To simplify the model, we consider only the allocation of pilots and assume that only one pilot is needed for each flight in our model. For each pairing, only one crew member can be selected among the executable crews. Combining the problem with the characteristics of the genetic algorithm, the solution of the crew rostering problem can be viewed as a sequence of crew members selected for each pairing from the set of available duty crews, as shown in Fig. 4. Each chromosome in the population represents a feasible solution.

In the part algorithm solving steps, we also convert the integer encoding to a fixed-length binary encoding for convenience, as shown in Eq. (20). Specifically, the binary variable expresses whether a crew performs the pairing or not.

$$ x = \left[ {\begin{array}{*{20}c} {x_{1,1} } & {x_{2,1} } & \cdots & {x_{CN,1} } \\ {x_{1,2} } & {x_{2,2} } & \cdots & {x_{CN,2} } \\ \cdots & \cdots & \ddots & \cdots \\ {x_{1,PN} } & {x_{2,PN} } & \cdots & {x_{CN,PN} } \\ \end{array} } \right] $$
(20)

4 Experiments and Comparisons

4.1 Experimental Settings

In this paper, experimental tests are conducted to verify the performance of hMOBBPSO-GA to solve the crew rostering problem based on a real data set. All algorithms are implemented in MATLAB R2021b and run on a computer with an eight-core processor R7-5700U and 16.0 GB RAM. We collected flight data for three routes of China Southern Airlines based at Shenzhen Airport in December 2021. And Table 2 shows a summary of the collected flight data. Meanwhile, the relevant parameters in the improved model are listed in Table 3.

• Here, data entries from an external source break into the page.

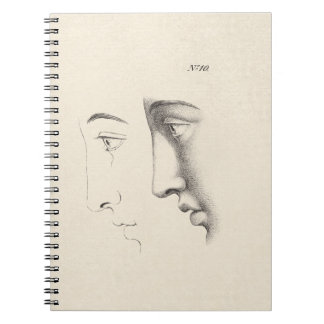 Handsome Man's Profile Antique French Engraving Notebook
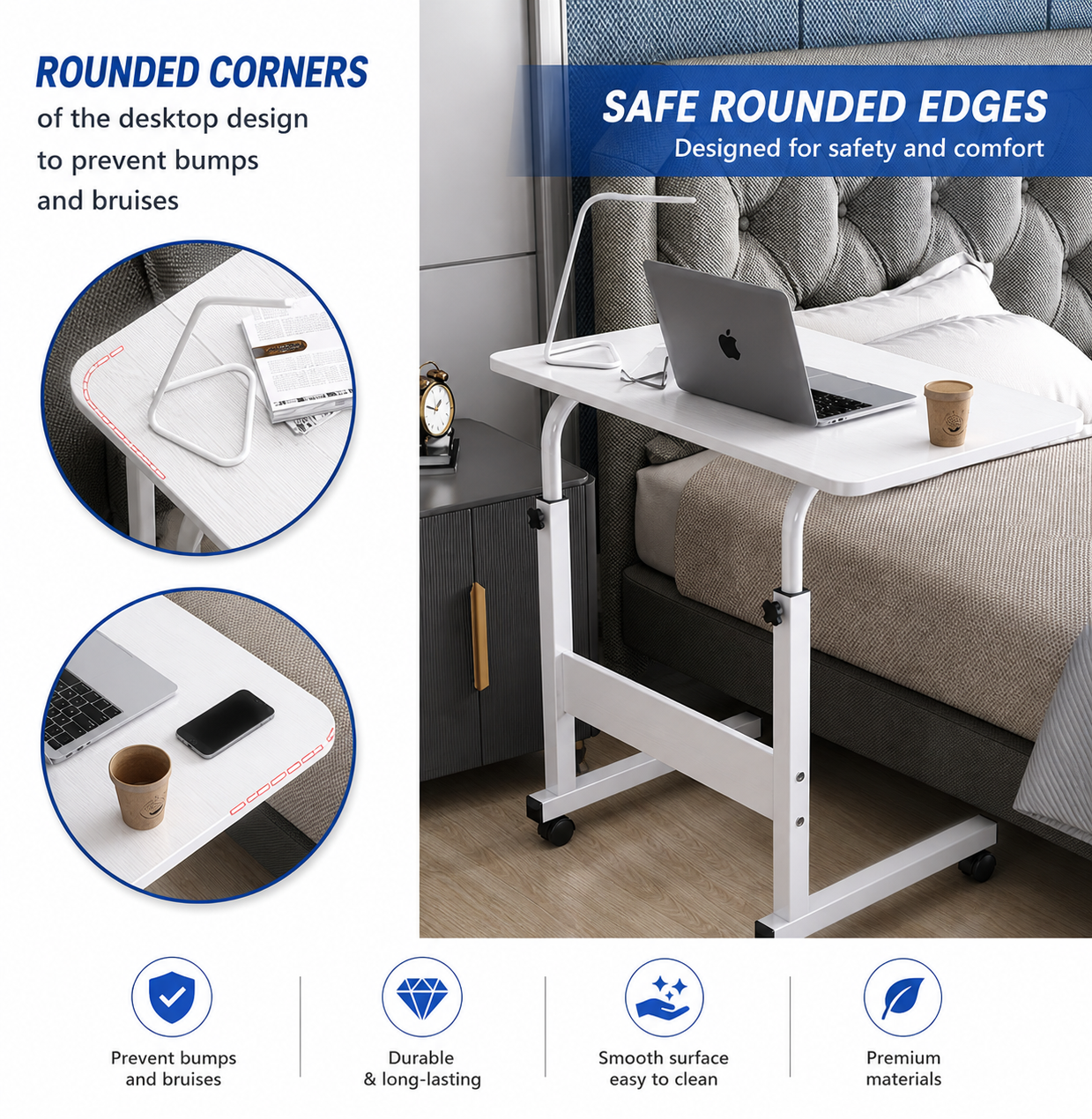 Mobile laptop desk adjustable bedside, or sofa table rolling laptop stand portable computer desk with wheels AU - black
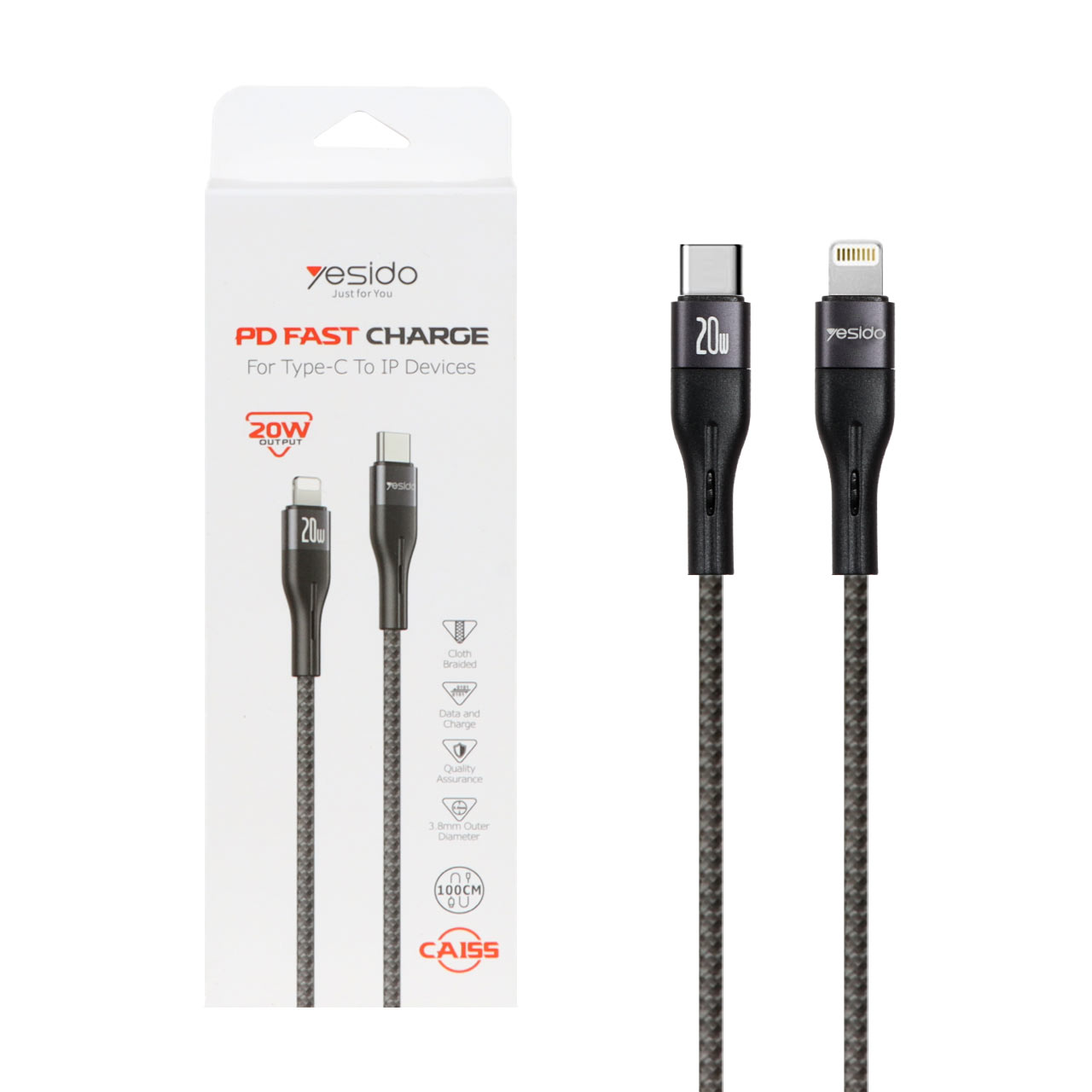 کابل شارژ فست Yesido Type-C to Lightning مدل CA155 - مشکی (گارانتی 18 ماه تعویض نیکان همراه)
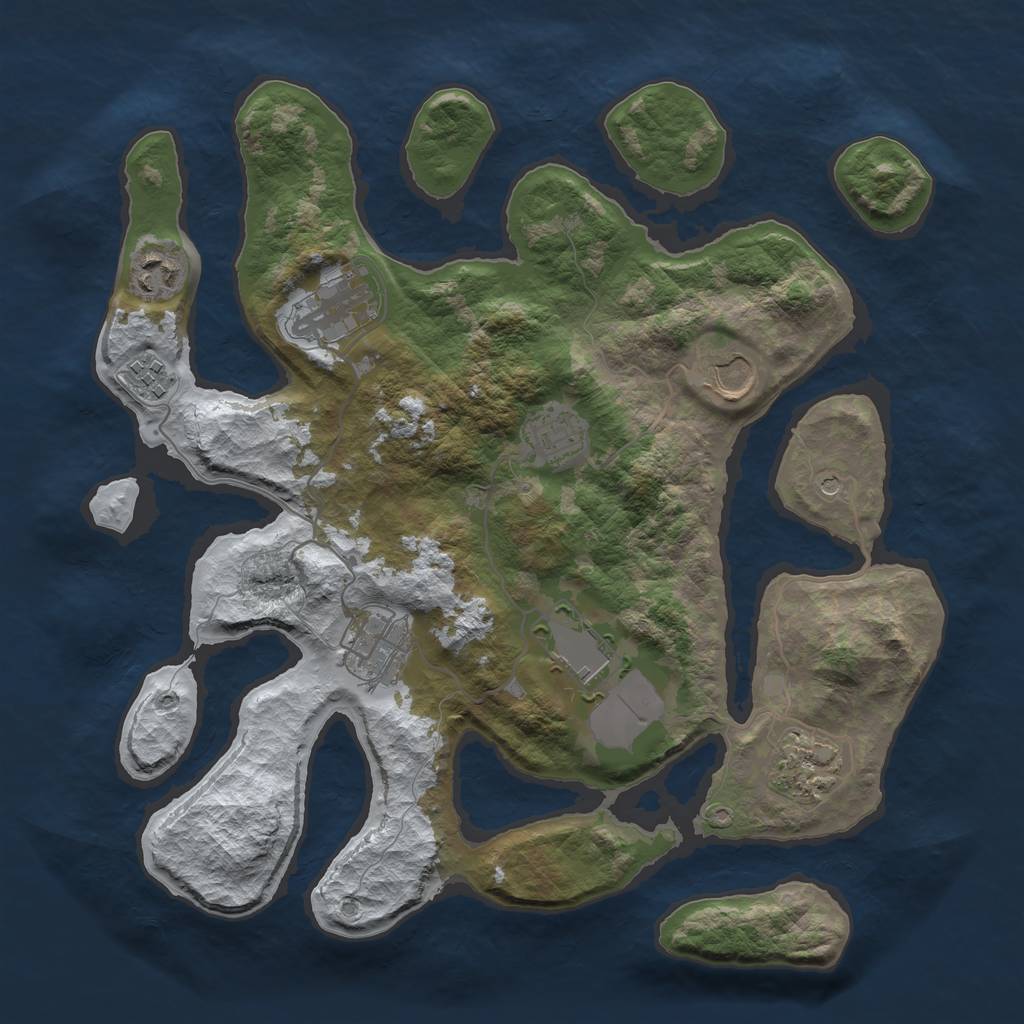 Rust Map: Barren, Size: 3500, Seed: 5086545, 11 Monuments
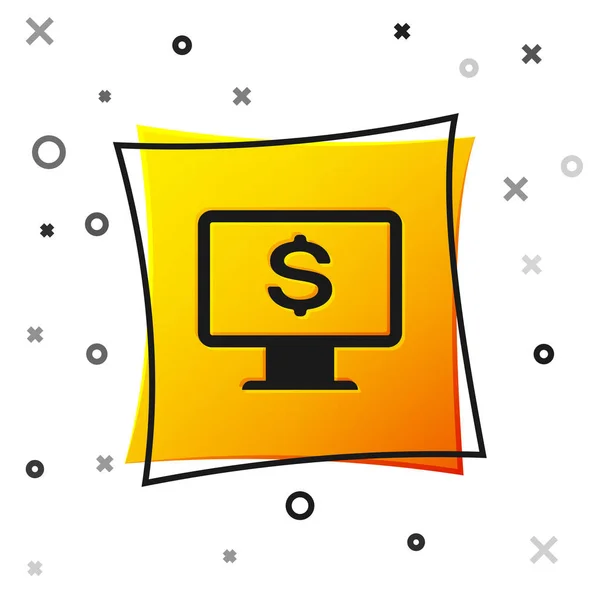 Monitor de ordenador negro con icono de dólar aislado sobre fondo blanco. Internet concepto de seguridad financiera, protección de las finanzas en línea. Botón cuadrado amarillo. Ilustración vectorial — Vector de stock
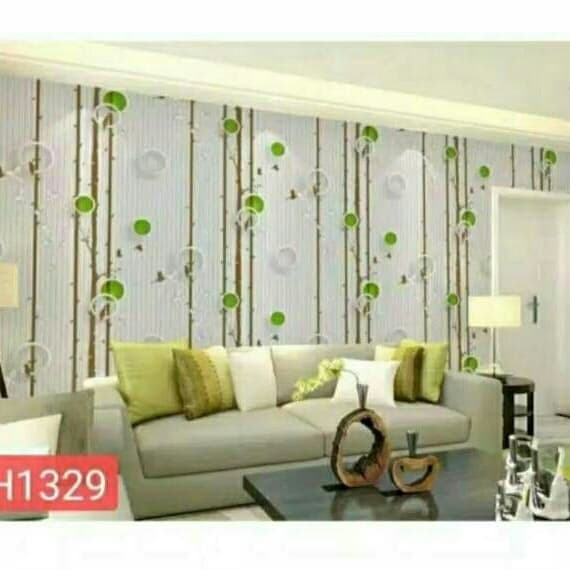 Wallpape Sticker Dinding Ranting Polkadot Hijau Ukuran Panjang 10Meter x Lebar 45CM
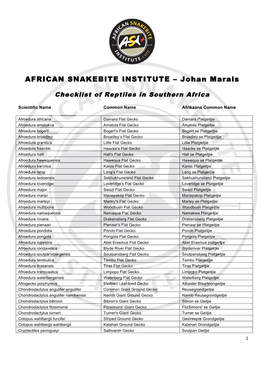 Johan Marais Reptile List 20 August 2015.Doc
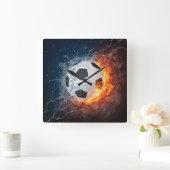 燃え盛りサッカー/サッカーボール装飾用クッション スクエア壁時計 (ホーム)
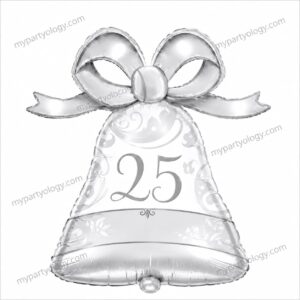 25th Anniversary Silver Bell 27" Foil Balloon (Anagram)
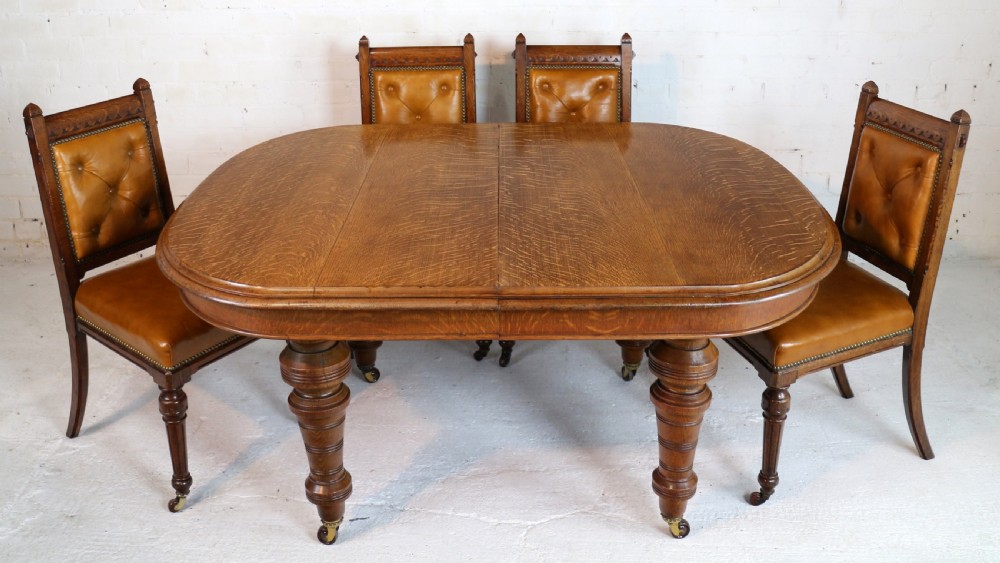 Victorian Oak Extending Dining Table & 2 Leaves by James Morrison, 8ft, seats 10 View XIX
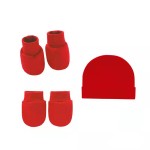 婴儿帽套装供应商-纯色可爱柔软3件套婴幼儿头罩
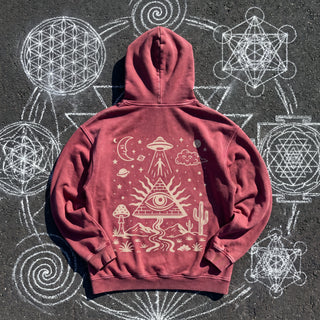 Mystic Signal Snow Washed Heavyweight Hoodie in Dark Red, back view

Table 1. The definition of symbols
Table 2. Size of instance data
Table 3. Parameters setting

4.2 Experimental Results

To illustrate the efficiency of our proposed algorithm, MOPSO and NSGA-II are utilized as comparison algorithms. Each of these three algorithms are iterated for 100 generations. We pick out the non-dominated solutions from the results obtained from 10 independent runs and draw Pareto front comparisons against the other algorithms in Fig. 5. Two performance metrics, including hypervolume (HV) and C-metric, are employed for performance evaluations in Table 4 and Table 5. The HV value of hMOBBPSO-GA is significantly higher compared with MOPSO and NSGA-II, which reflects the better convergence and wider range distribution between its non-dominated solutions. In addition, C(hMOBBPSO-GA, NSGA-II) = 1.000 and C(hMOBBPSO-GA, MOPSO) = 1.000 mean that all the non-dominated solutions in NSGA-II and MOPSO are dominated by the non-dominated solutions of hMOBBPSO-GA. The comparisons indicate that solution set from hMOBBPSO-GA covers a wider range and the improved algorithm has better performance.

Fig. 5.
figure 5

Performance of hMOBBPSO-GA, NSGA-II and MOPSO

Table 4. Comparison between hMOBBPSO-GA and other algorithms on C-metric
Table 5. Comparison of hMOBBPSO-GA with other algorithms on HV

5 Conclusion

We propose an improved hybrid algorithm hMOBBPSO-GA based on the idea of BBPSO to solve the crew rostering problem with satisfaction and fairness objectives. The initial solution are generated randomly according to one of the important time constraints of CRP, which efficiently avoids some infeasible solutions and improves the quality of the initial solution. The selection operation of the genetic algorithm is modified to avoid falling into local optimum prematurely. Furthermore, depending on the basic idea of BBPSO, the learning direction is provided for the individual mutation operation to accelerate the convergence of the algorithm. Experiments are conducted on a real-world monthly instance. The results verify the superiority of hBBPSO-GA in solving multi-objective CRP compared against NSGA-II and MOPSO. In the future, we will further consider flight crews with different classes and cabin crews in CRP.